A group of 20 economists have endorsed the Federal Government’s Resource Super Profits Tax (RSPT), claiming it would lead to increased production.
The group, which includes former Australian Competition and Consumer Commission chairman Allan Fels, said the industry should be contributing more taxation.
“Mining is different to other industries in that it uses and depletes natural resources,” the group said in a statement today.
“Some return on those resources should flow to the Australian public.
“The existing royalty system reflects the fact that it is desirable to levy a charge for access to publicly-owned mineral resources, in addition to normal corporate income tax.”
According to the group, the debate so far has been dictated by misinformation, but the tax did indeed represent effective economic strategy.

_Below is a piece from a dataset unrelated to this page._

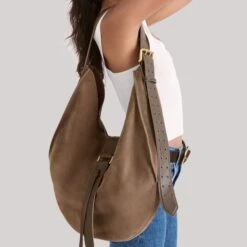 OAKLEY TOTE OLIVE SUEDE(Oakley Tote Olive Suede)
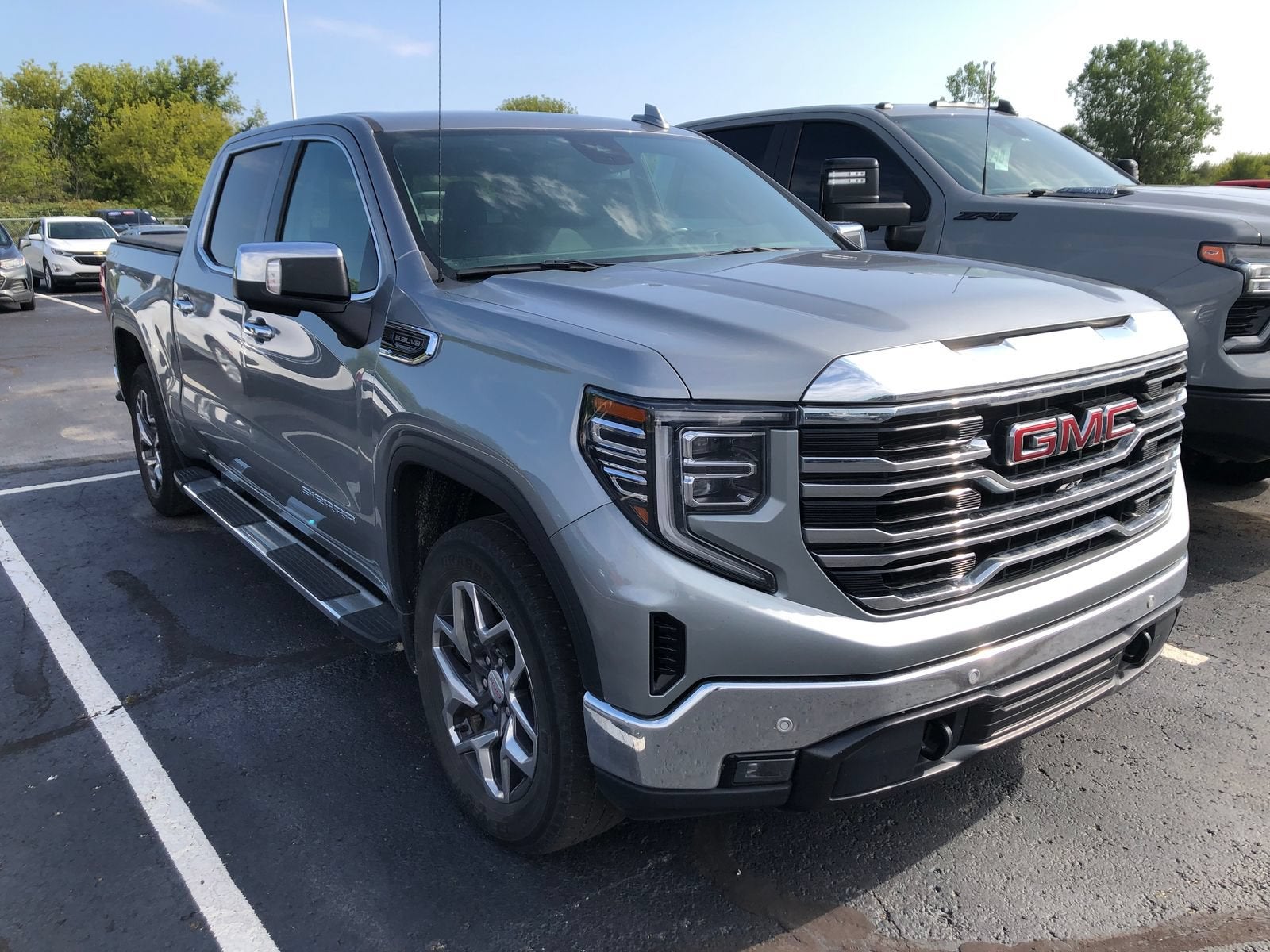 2023 GMC Sierra 1500 SLT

“The new tax is fundamentally correct and good,” Fels told ABC Television’s News Breakfast Program this morning.
“This is the best way to tax mining, because the disincentive effects are small compared to the present system of royalties, which are a bad way of taxing.”
Fels said the royalties had acted as a deterrent to production, including marginal production and potential loss-making production.

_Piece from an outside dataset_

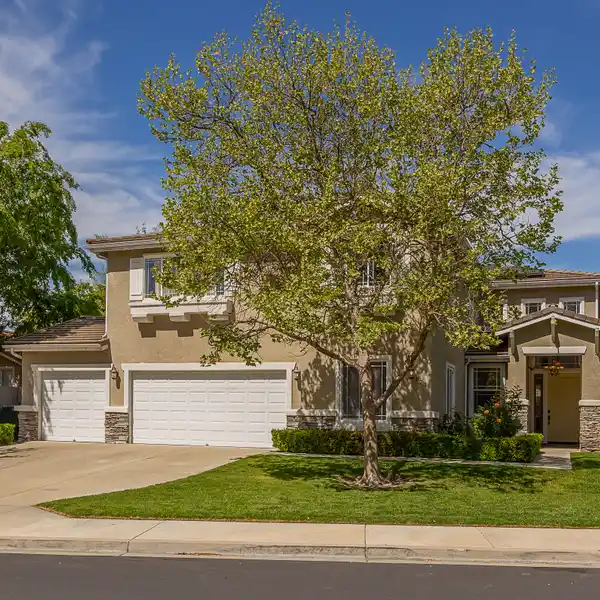 EXPANSIVE AND VERSATILE RESIDENCE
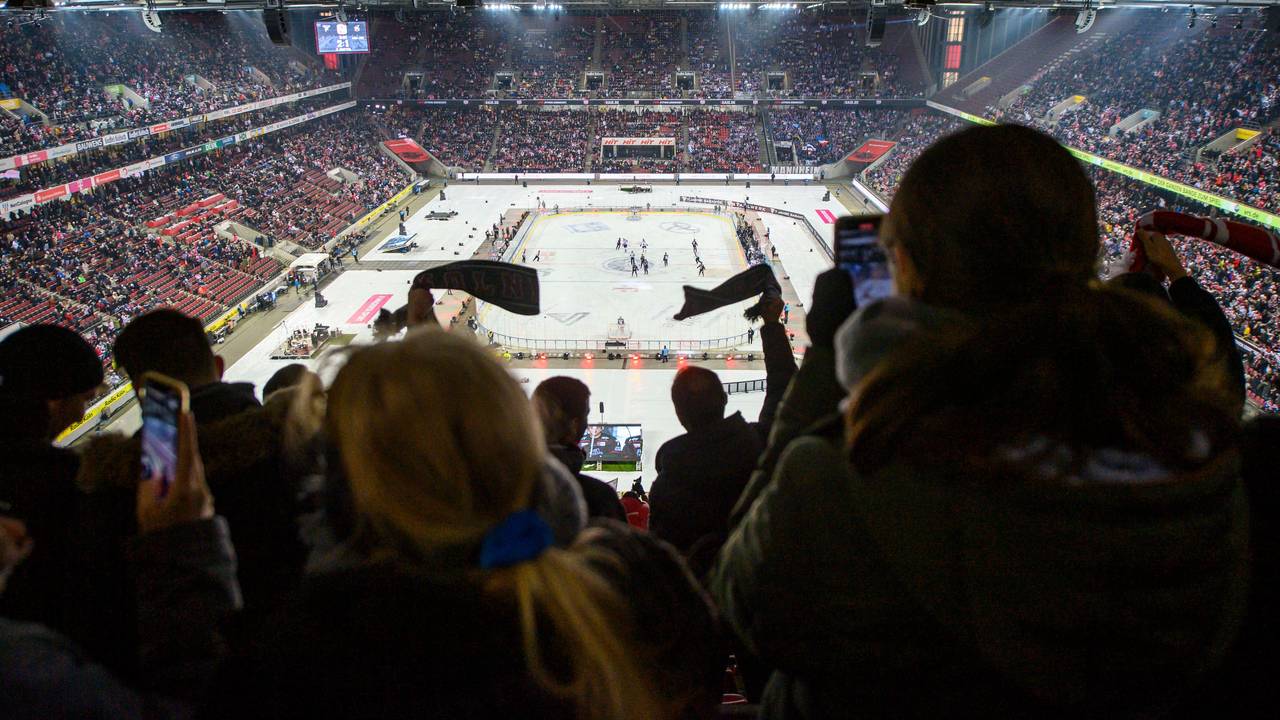 Fans schwenken beim Winter Game der Kölner Haie gegen die Adler Mannheim Schals auf der Tribüne.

“If you only tax high-profits then there is still the incentive to produce,” he said.
“Even if you cut into those high profits, the investments still remain profitable and you get an off-set for losses.”
Fels hopes the negotiations between the Government and the mining lobby do not yield drastic changes to the tax.

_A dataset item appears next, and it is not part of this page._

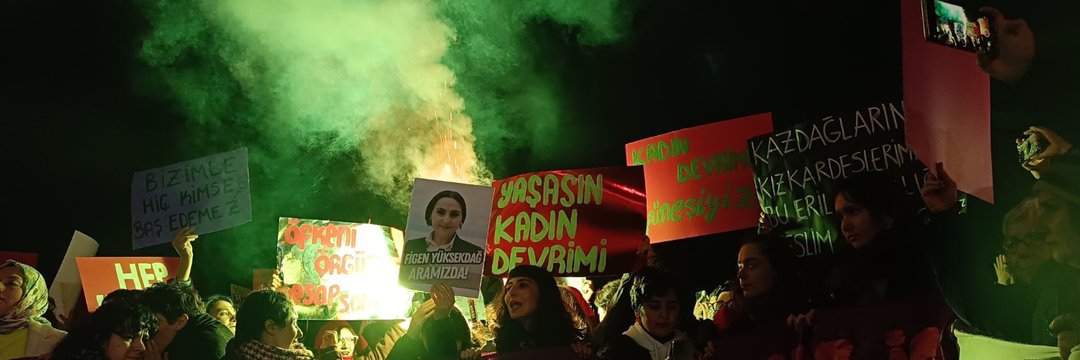 Özgür Genç Kadın | ÖGK's banner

“In our group, we think it is important that the underlying principle of the tax should be preserved even if there are some adjustments,” he said.
“I think the [40%] rate is about right.”
Minerals Council of Australia (MCA) chief executive Mitchell Hooke said the industry agreed that an increased tax on profits was the right way to go.
He said the MCA had actually tabled a profits-based tax system as part of the Henry Tax Review.
The industry is more concerned about the implementation and design of the tax, he said.